L’ancien rédacteur en chef Ravish Kumar, “visage” de NDTV, qui a lui aussi quitté l’entreprise qui l’employait depuis 1996 a rapidement vu l’impact de cette nouvelle doctrine. Ce qu’il constate depuis qu’il n’est plus à l’antenne est édifiant : “Alors que mes émissions étaient systématiquement boycottées [par les membres du BJP, le parti au pouvoir], dès que j’ai quitté mon poste, des fonctionnaires de seconde zone du BJP ont soudain réapparus”, a-t-il expliqué auprès du site The Wire.
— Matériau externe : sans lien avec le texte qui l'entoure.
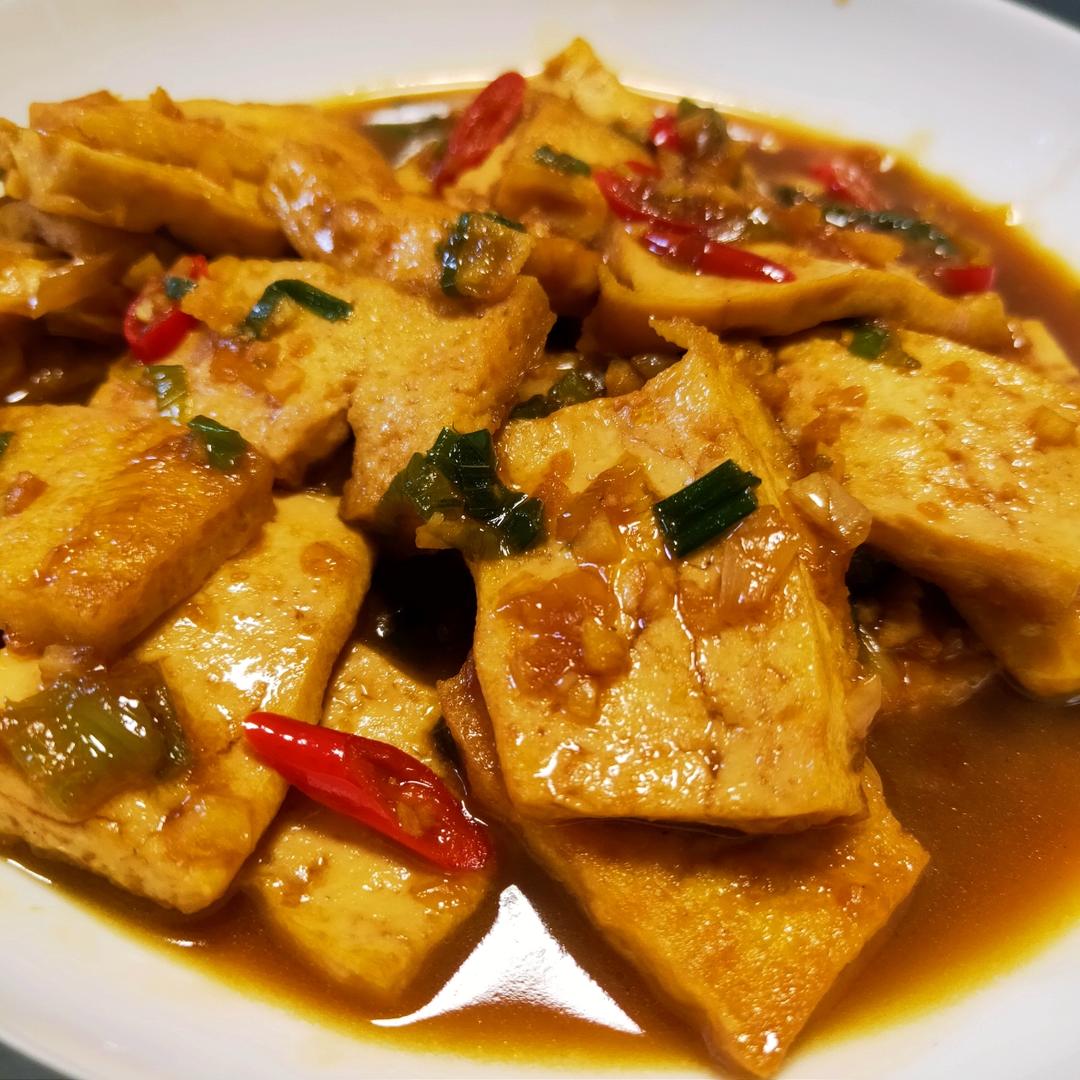 超级下饭的红烧豆腐
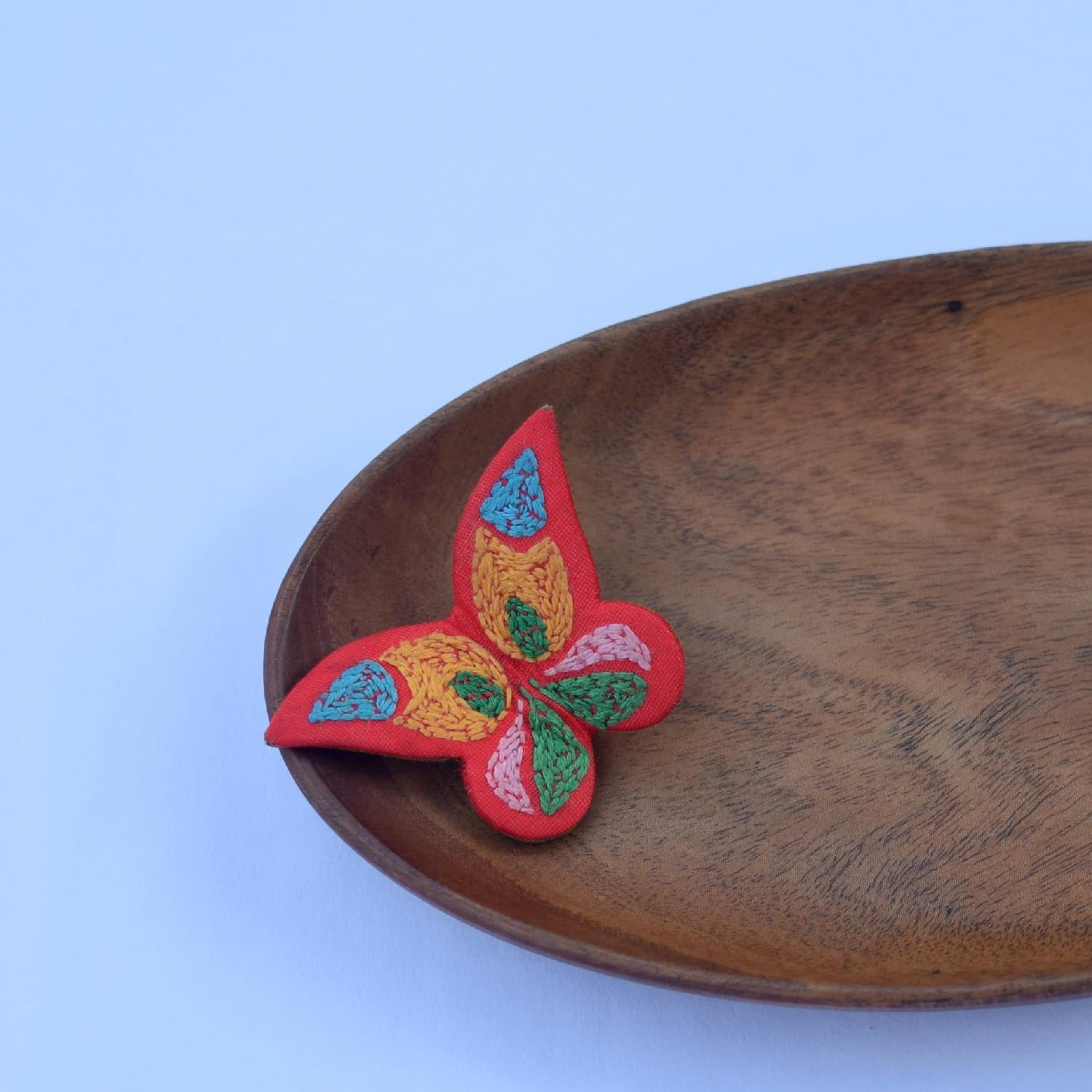 Titli Brooch - Red - CiceroniBroochPaulami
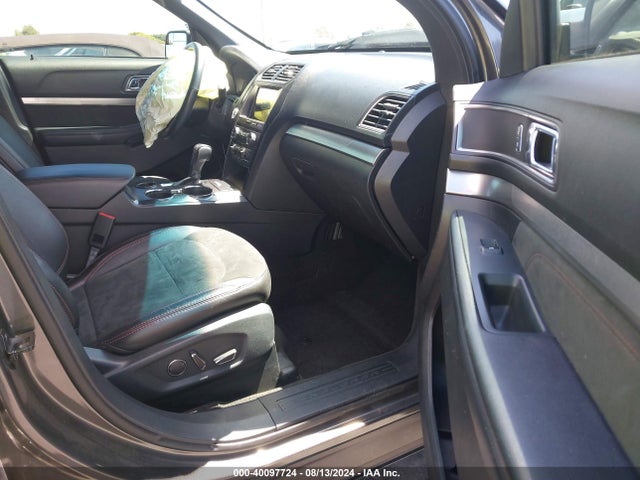 Ford EXPLORER XLT 2018 1FM5K7D86JGB56511 Image 5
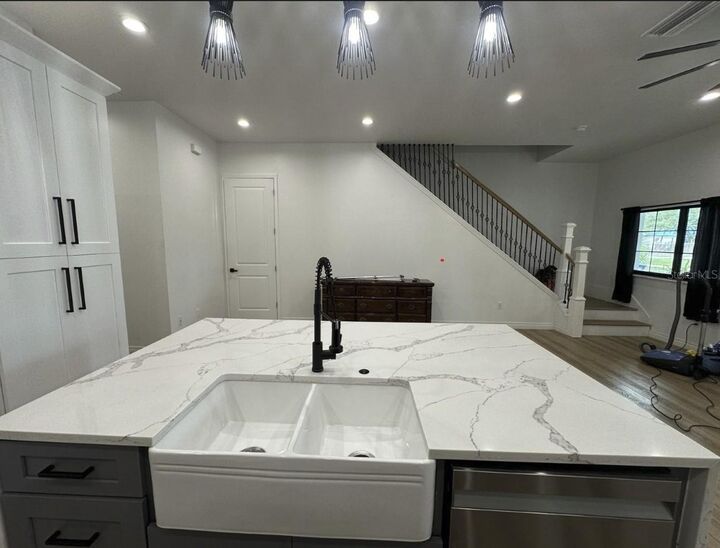 Property Photo:  319 W West Street  FL 33602 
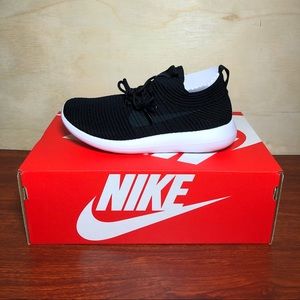 Women’s Roshe Two Flyknit V2 Black White Sneakers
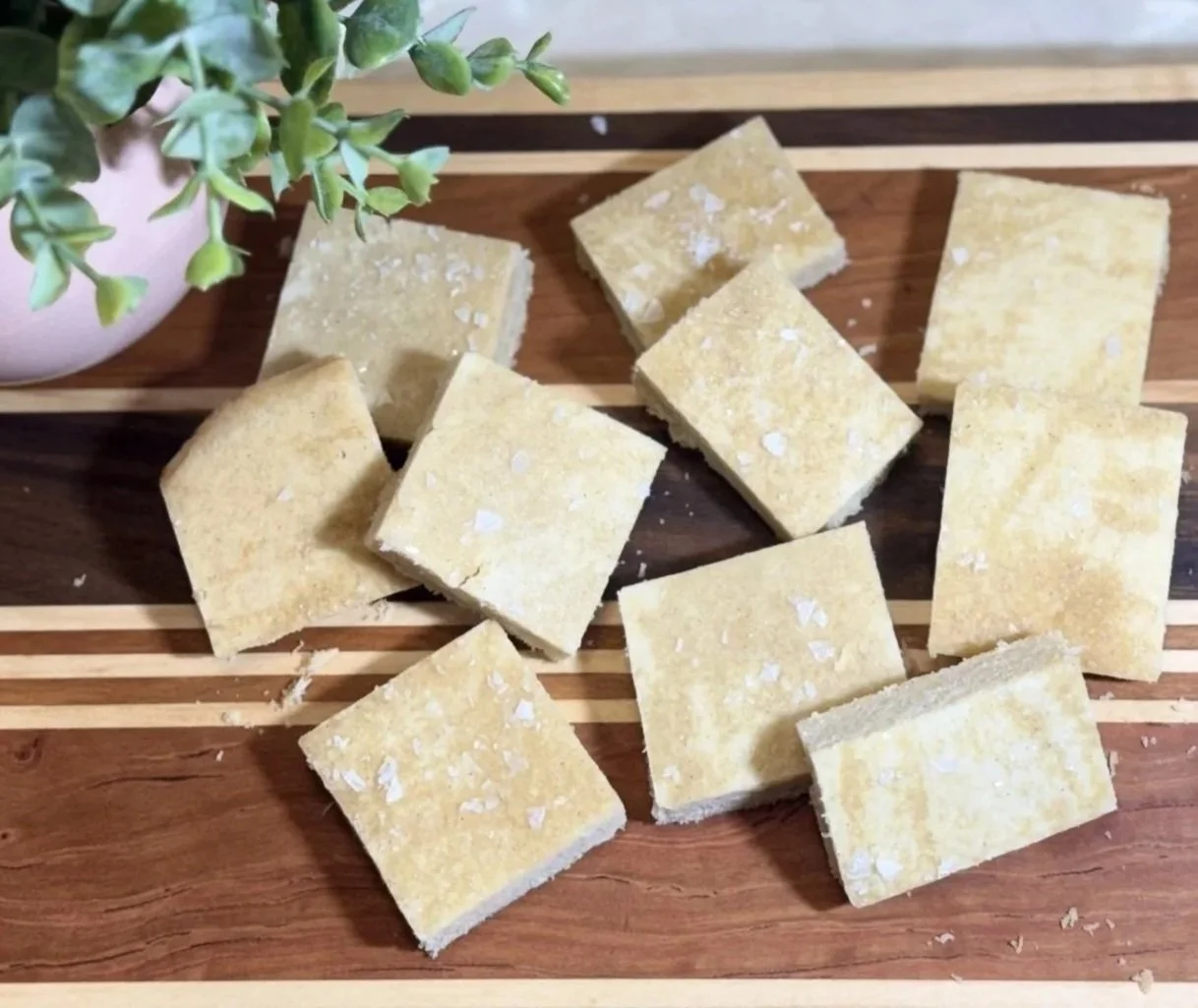 Warm Honey Vanilla Shortbread Cookies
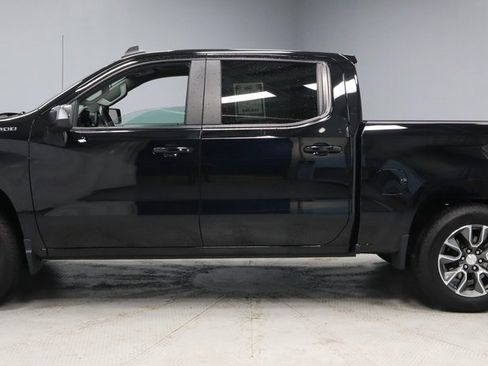 Used 2024 Chevrolet Silverado 1500 LT image 8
La preuve, selon lui, que Gautam Adani “va s’opposer à toute mise en cause ou toute critique du gouvernement, quelle qu’en soit la forme. [...] Qu’est-ce que ça signifie ? Simplement que 99,99999 % des médias indiens vont maintenant faire l’éloge du gouvernement Modi. C’est aussi le cas des chaînes de M. Ambani.”

Captation oligarchique

Deuxième richesse d’Inde, Mukesh Ambani est un autre archétype de ce capitalisme oligarchique qui “capte” les médias pour les mettre au service d’un certain discours politique. À la tête du groupe Reliance Industries, ami personnel du Premier ministre, il est propriétaire de plus de 70 médias suivis par au moins 800 millions d’Indiens.

En réalité, Ravish Kumar met le doigt sur une tendance lourde du paysage médiatique indien. Comme RSF l’avait révélé dès 2019 dans une étude sur la propriétés des médias du pays, les phénomènes de concentration de l’actionnariat du secteur en Inde sont d’autant plus inquiétants qu’ils vont de pair avec une étroite proximité entre les grands propriétaires et les représentants du parti au pouvoir.

Forte de son indépendance financière par rapport aux grands consortiums, NDTV faisait, dans ce paysage, figure d’exception. La chaîne s’est notamment fait une réputation en refusant de jouer le jeu du tout-audience et de surmédiatiser des sujets sensationnalistes.

Surtout, “c'était l’un des très rares organes de presse qui s’autorisait à porter un jugement critique sur l’administration”, résume auprès de RSF Maya Sharma, une autre figure historique de NDTV, aujourd’hui consultante éditoriale. “Pour l’instant, les cadres qui sont arrivés affirment qu’il n’y aura pas de changement majeur dans la façon dont l’information sera produite. On attend de voir.” 

Lignes floues

Pour la journaliste indépendante Kamala Thiagarajan, fine analyste du paysage médiatique de son pays, c’est tout vu : “Bien sûr, il y a cette clause qui dit que les milliardaires qui rachètent des médias n’interfèrent pas avec le travail éditorial. Mais ces lignes sont très floues. Au final, ces milliardaires contrôlent ce qui devrait être du ressort de l’intérêt public. C’est une tendance extrêmement inquiétante.” 

Cette tendance est d'autant plus alarmante qu’elle s’accompagne, en parallèle, d’une recrudescence des cas d’intimidation de journalistes et de censure orchestrées par le gouvernement et le parti au pouvoir. La semaine dernière, un documentaire de la BBC, India: The Modi Question, a été interdit de diffusion par le gouvernement sur l’ensemble des réseaux Internet. Des étudiants d’une université de Delhi ont même été interpellés ce mercredi 25 janvier pour avoir tenté d’organiser une projection du film.